Движением руки он отослал Кривощекого, сам же — открыл сундук и, вывесив на край рубашки и прочее тряпьё, откопал со дна отцовскую брезентовую накидку.
В таких землекопы ходили на смены под‑землю ещё с тех времен, когда только-только заложили Колодец. Даже отцу она досталась уже не новой. Брезент слежался от времени, сгибы держали форму, как сплющенные жестяные углы. В отличии от штанов, карманов у накидки не было — вместо них под накладными клапанами прятались две широкие прорези. Можно было просунуть в них руки и перепоясаться при желании. Вместо воротника накидка имела капюшон — такой обширный, что, наверное, будет скрывать лицо не хуже мешка, надетого на голову.
Луций напялил накидку на себя… кое-как подвернул рукава, внахлёст запахнул по́лы.
Потом решился подойти к зеркалу — снял полотенце, его занавешивающее, отступил на пару шагов. Накидка, пошитая на взрослого, целиком топила его в себе — по́лы её едва не касались пяток. И капюшон нависал, пряча лицо в чернильную тень под собой. На виду оставался только край подбородка — ещё безволосого, но на первый взгляд никак не ребячьего — злого и жёсткого.

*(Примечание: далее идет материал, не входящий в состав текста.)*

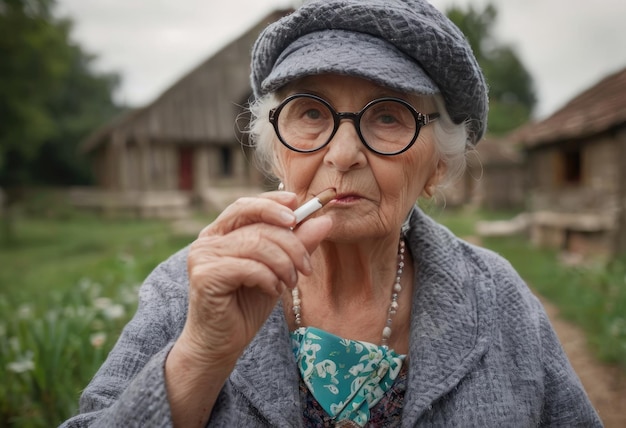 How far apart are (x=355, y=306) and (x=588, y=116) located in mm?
10113

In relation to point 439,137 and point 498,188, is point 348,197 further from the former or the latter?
point 498,188

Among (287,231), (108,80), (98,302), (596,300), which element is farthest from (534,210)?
(108,80)

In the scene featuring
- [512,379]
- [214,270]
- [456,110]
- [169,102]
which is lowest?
[512,379]

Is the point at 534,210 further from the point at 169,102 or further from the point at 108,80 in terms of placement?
the point at 108,80

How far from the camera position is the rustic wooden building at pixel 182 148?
1794cm

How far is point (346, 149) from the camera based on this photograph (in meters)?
1.34

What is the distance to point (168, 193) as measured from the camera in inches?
740

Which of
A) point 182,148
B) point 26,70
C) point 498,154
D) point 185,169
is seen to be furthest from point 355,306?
point 498,154

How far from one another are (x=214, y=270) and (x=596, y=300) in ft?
18.9

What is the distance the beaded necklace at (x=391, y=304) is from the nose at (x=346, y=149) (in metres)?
0.52

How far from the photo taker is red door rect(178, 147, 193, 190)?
766 inches

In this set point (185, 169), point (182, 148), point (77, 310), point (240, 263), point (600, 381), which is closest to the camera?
point (240, 263)

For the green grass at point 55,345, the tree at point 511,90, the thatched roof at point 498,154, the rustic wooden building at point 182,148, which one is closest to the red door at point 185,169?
the rustic wooden building at point 182,148

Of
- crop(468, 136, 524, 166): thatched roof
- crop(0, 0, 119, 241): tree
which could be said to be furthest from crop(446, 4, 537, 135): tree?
crop(0, 0, 119, 241): tree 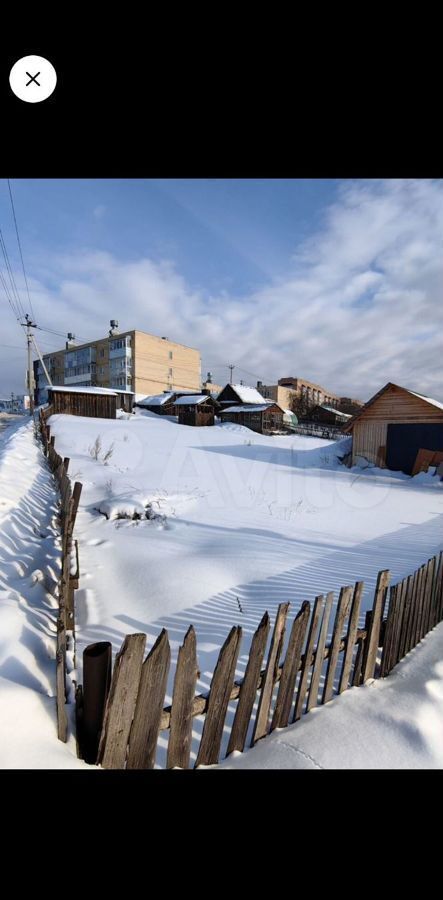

«Подойдет!» — оглядев себя, решил Луций.
Он ведь не сможет просидеть в своей комнате вечно… тем более, если уж собрался набирать ватагу. А в этом одеянии, по крайней мере — никого из случайных прохожих не удивит кирка на плече и не испугает гноящаяся рожа.
Луций поднялся повыше на цыпочках. Если удастся где‑нибудь раздобыть ботинки с толстой подошвой, то вполне можно будет сойти за невысокого землекопа. А если не удастся — то за землекопа-карлика… такие, говорят, тоже бывают.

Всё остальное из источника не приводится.